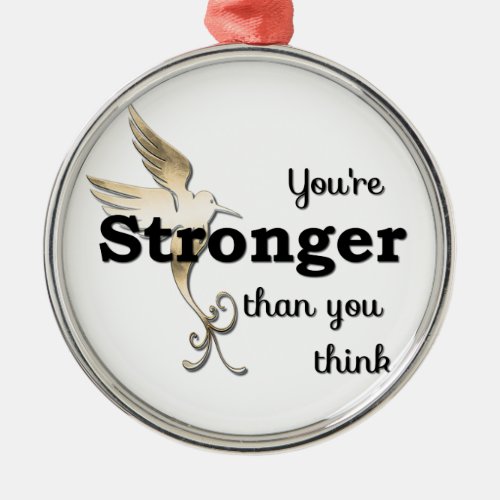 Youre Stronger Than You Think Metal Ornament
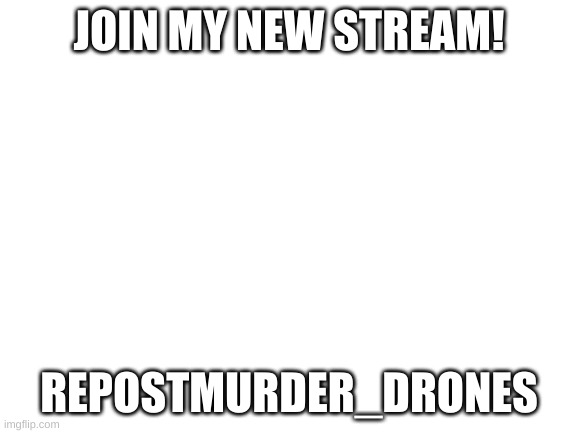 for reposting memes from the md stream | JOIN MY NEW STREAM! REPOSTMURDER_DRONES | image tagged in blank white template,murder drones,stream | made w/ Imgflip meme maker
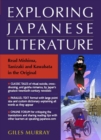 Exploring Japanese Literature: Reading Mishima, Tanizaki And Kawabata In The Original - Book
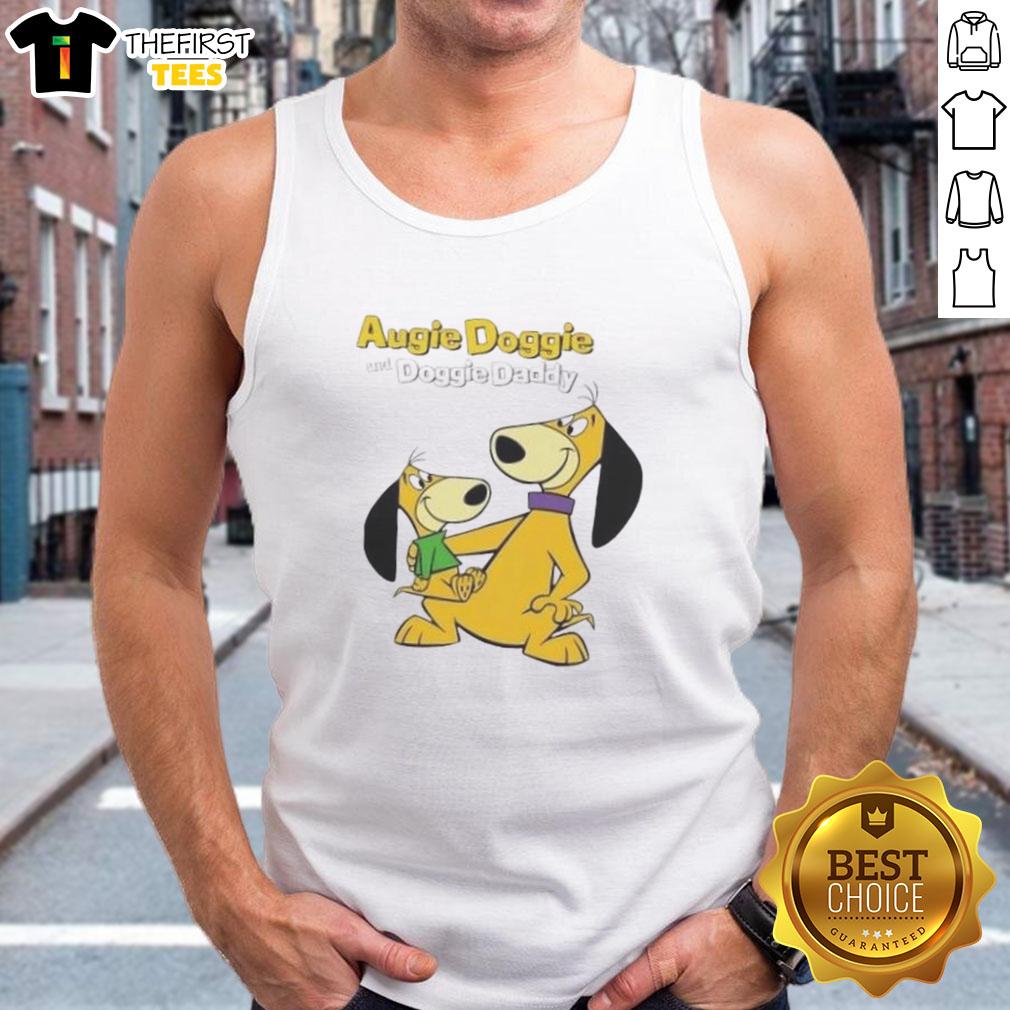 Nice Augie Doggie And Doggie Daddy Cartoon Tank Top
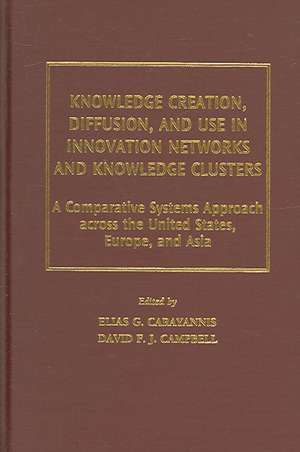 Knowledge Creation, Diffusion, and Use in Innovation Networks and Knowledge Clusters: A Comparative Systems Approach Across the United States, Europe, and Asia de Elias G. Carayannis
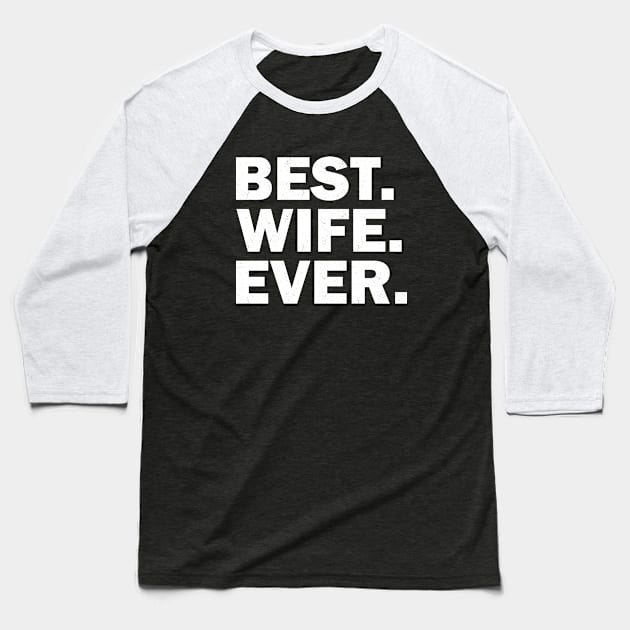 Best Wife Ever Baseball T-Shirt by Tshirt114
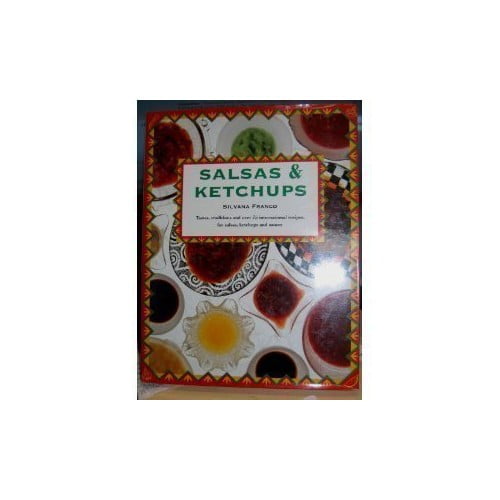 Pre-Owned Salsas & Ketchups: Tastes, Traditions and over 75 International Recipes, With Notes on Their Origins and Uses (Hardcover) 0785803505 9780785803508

########################################

_Task directions_
The records above should be written out exactly, and the images dropped.

_Final answer_
 Youre Stronger Than You Think Metal Ornament
 for reposting memes from the md stream | JOIN MY NEW STREAM! REPOSTMURDER_DRONES | image tagged in blank white template,murder drones,stream | made w/ Imgflip meme maker
 Exploring Japanese Literature: Reading Mishima, Tanizaki And Kawabata In The Original - Book
 Nice Augie Doggie And Doggie Daddy Cartoon Tank Top
 Knowledge Creation, Diffusion, and Use in Innovation Networks and Knowledge Clusters: A Comparative Systems Approach Across the United States, Europe, and Asia de Elias G. Carayannis
 Best Wife Ever Baseball T-Shirt by Tshirt114
 Pre-Owned Salsas & Ketchups: Tastes, Traditions and over 75 International Recipes, With Notes on Their Origins and Uses (Hardcover) 0785803505 9780785803508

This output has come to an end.